WHAT THIS TASK INVOLVES :: Your copy of the data below must be exact and must leave out all pictures.

##### MATERIAL PROVIDED #####

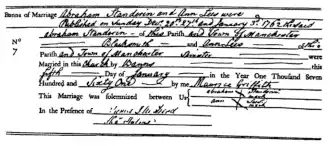 Banns of marriage of Abraham Standerin and Ann Lees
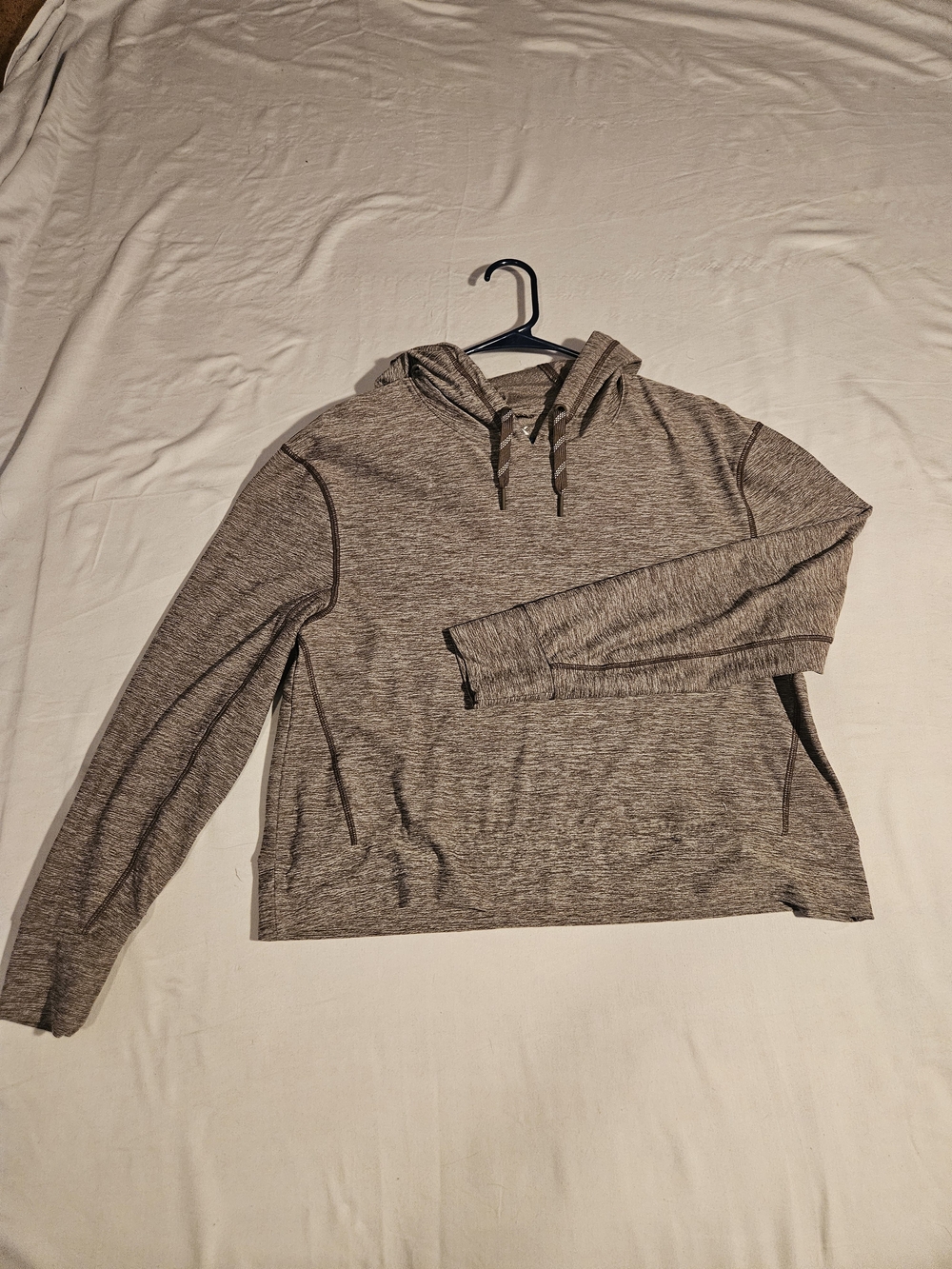 Lightweight Heathered Hooded Pullover - Taupe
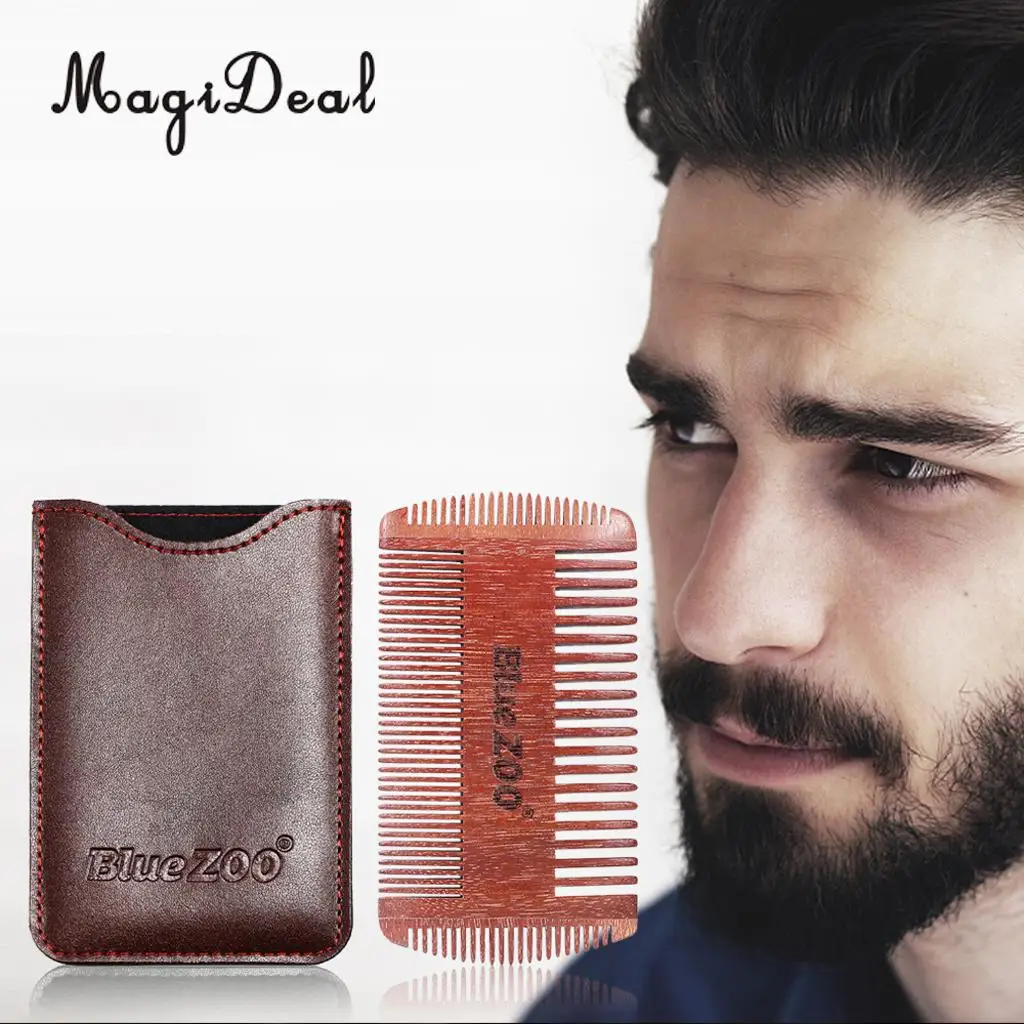 Anti Static Natural Sandalwood 4 Sided Fine Coarse Teeth Men Beard Mustaches Grooming Shaving Comb with PU Leather Bag Case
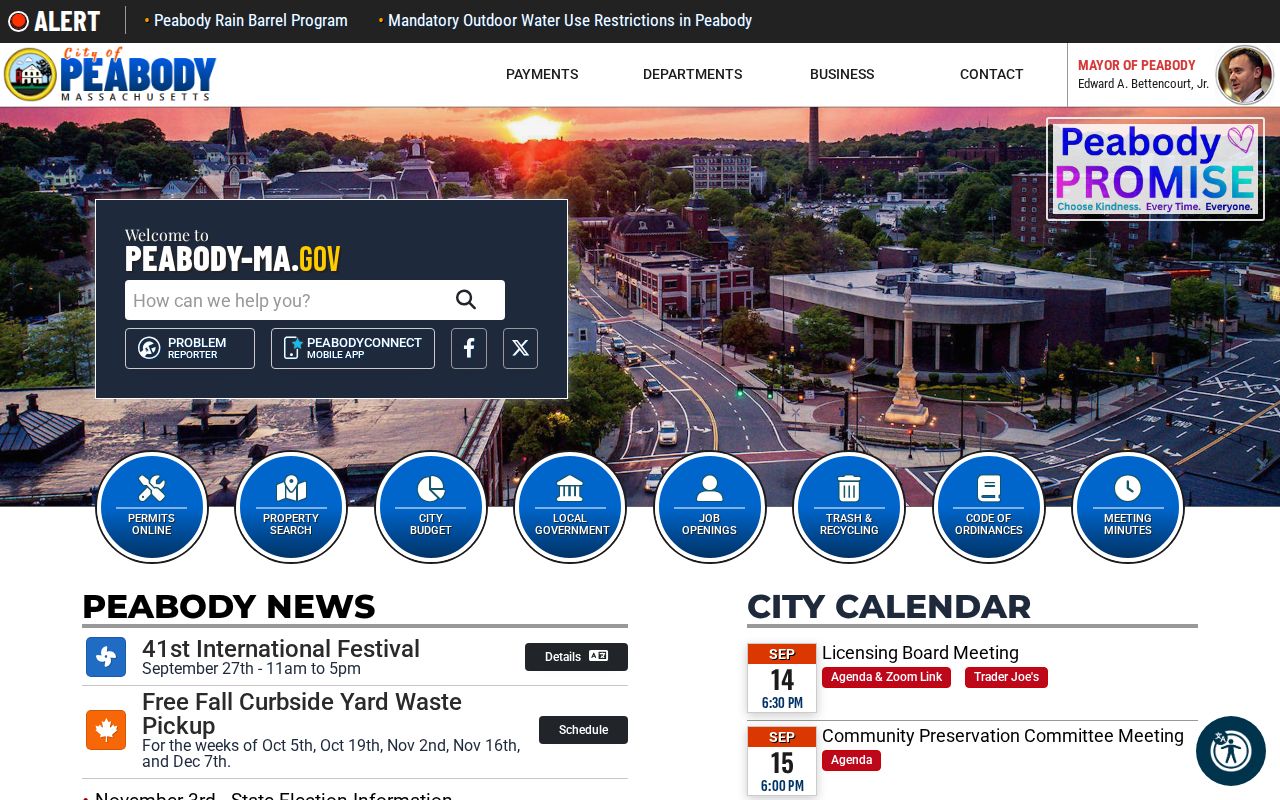 Peabody city page used for Peabody warrant records questions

#####

PROBLEM SOLUTION ::
 Banns of marriage of Abraham Standerin and Ann Lees
 Lightweight Heathered Hooded Pullover - Taupe
 Anti Static Natural Sandalwood 4 Sided Fine Coarse Teeth Men Beard Mustaches Grooming Shaving Comb with PU Leather Bag Case
 Peabody city page used for Peabody warrant records questions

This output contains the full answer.